I made it through a spin class today. It was doable.
Yesterday I walked on the treadmill, and that was doable, but not for very long. After five minutes I was starting to walk funny, so time to change machines. The purpose of my trip to the gym was to see exactly what I can and can’t do right now. Being that my inflammatory arthritis has improved on where it was, but my spinal degenerative arthritis is worse than it’s ever been.
The recumbent bike was completely comfortable. I did ten minutes on that with no problems. The cross-trainer was a bitch, which surprised me. Totally out. Very hard on the lower back. Who knew?
I did some body weight exercises. Lunges are fine, but not too deep. And I need to hold onto something for balance. Squats are not good – unless they are so shallow as to be pretty much pointless. And again, need to hold onto something for support. That’s fine, as long as I’m holding proper form. So I did some bridges, to work on my glutes and lower back/core area. No problems there. I can hold a 30 second plank easily, but all of this comes with a measure of pain.
I’m used to that. I pay the price of pain today, for a healthier, more functional body into the future.
There is of course a line, below which any real exercise is impossible. As in the kind of exercise that works up a sweat and gets your heart pumping. I’ve been below that line for several months. But I still did stretches, and range of motion exercises. Everything counts. Everything helps. Everything is worth doing.
Having said that, I am very unfit and have lost a lot of strength.
Thanks to methotrexate injections its time I tried to get some of that back.
Inflammatory arthritis pain improves with exercise. It is one of the ways that doctors diagnose the difference between inflammatory or mechanical/degenerative arthritis.

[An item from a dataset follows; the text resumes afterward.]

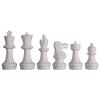 MegaChess Giant Plastic Chess Sets - Black and White - 5 Different Outdoor Giant Chess Sets from 1-Foot to 4 Feet Tall - Includes Quick-Fold Nylon Chess Mat (12 inch King) view 3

The difference is very clear to me, because when I am warmed up and exercising appropriately, my joints feel at their best.
My lower spine, however, is a completely different story. Exercise tends to cause more pain. But I still need to do it, to strengthen the ligaments and muscles that support my spine.

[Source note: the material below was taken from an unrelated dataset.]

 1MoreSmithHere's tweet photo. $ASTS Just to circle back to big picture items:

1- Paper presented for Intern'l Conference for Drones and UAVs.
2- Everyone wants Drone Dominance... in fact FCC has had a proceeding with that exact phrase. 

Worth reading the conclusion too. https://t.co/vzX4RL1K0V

I’m calling the radiofrequency ablation a complete fail. My back pain is the same as it was, if not a little worse. With the added joy of a torn ligament and a strange sunburned feeling on my skin. I won’t be going back for more. I’m not pursuing spinal surgery. I’m going to have to live with it.
‘Living with it’ means physical therapy. And that means strengthening the muscles in my core, to support my spine.
It means doing exercises and it means pain. Pain for the greater good, pain for long term gain. Or that’s the theory anyway.
I don’t feel worse for my exercise session yesterday, in fact I feel better. I felt great after my spin class. And tomorrow I will do another session on the recumbent bike with some core exercises.
My spine tonight is pretty horrible though. The oxycodone is managing the inflammatory pain, but not my spine. Heat is good. I’ll have to lie down on my heated throw soon.
I’m feeling the tapering down on prednisone. The joint pain is never mild now, always moderate at least. But not in every joint, all at once. The usual offenders are my hands and wrists, ankles and toes, knees, hips and shoulders. I’m very used to that. Although it was nice to have a little reprieve.
It’s a level of pain that I can work through, however. And I need to get to a safer level of prednisone. I’m at 12.5mg now. I’m usually bedridden at 12mg. So I still doing far better. Injectable methotrexate is working well. Who’d have thought?
I’m going to stay here at 12.5mg for a while. And at the equivalent of 17.5mg of methotrexate for a while. And just see how things go. I can increase the methotrexate up to 25mg, if I choose to. I need to find a balance of prednisone side effects, methotrexate side effects and a functional life.
I am still taking a minimum of 60mg of oxycodone daily. My pain doc doesn’t have a problem with that. It’s not a high dose. I need to live. And the side effects of oxycodone are the most benign of all the above mentioned drugs. Regardless of what the fear mongers may say.
I am doing better. I am far from ‘normal’ or ‘remission’. I am not even close to pain free. Never have been. But it’s all relative. I am doing far better than I was. And this, to me, is good.
My rheumatologist seems to have forgotten I exist. She is supposed to be arranging Actemra infusions for me. It has been seven weeks and I haven’t heard a thing. Usually these things take 4-6 weeks.
I’m not impressed, but I’m not keen to start Actemra right now anyway. I want to see how far I can get with methotrexate injections. The goal is to take as little medication as possible, in the lowest dose possible, and still be able to live. When I have reached a point where either there is no more improvement, or I have hit the side effect ceiling, I will phone rheumy for an appointment.
I’ll leave her be in the meantime. I have no more appointments booked and I feel very strongly that she’s washed her hands of me. Or would like to.
That’s fine. My GP can prescribe methotrexate, prednisone, arava, plaquenil and my narcotics. How long he will be happy to do so is anyone’s guess. But that’s where I’m at. One day at a time. Grateful that I am no longer spending 22 hours out of 24 lying down. And hopeful that the trend can stay upwards or stable.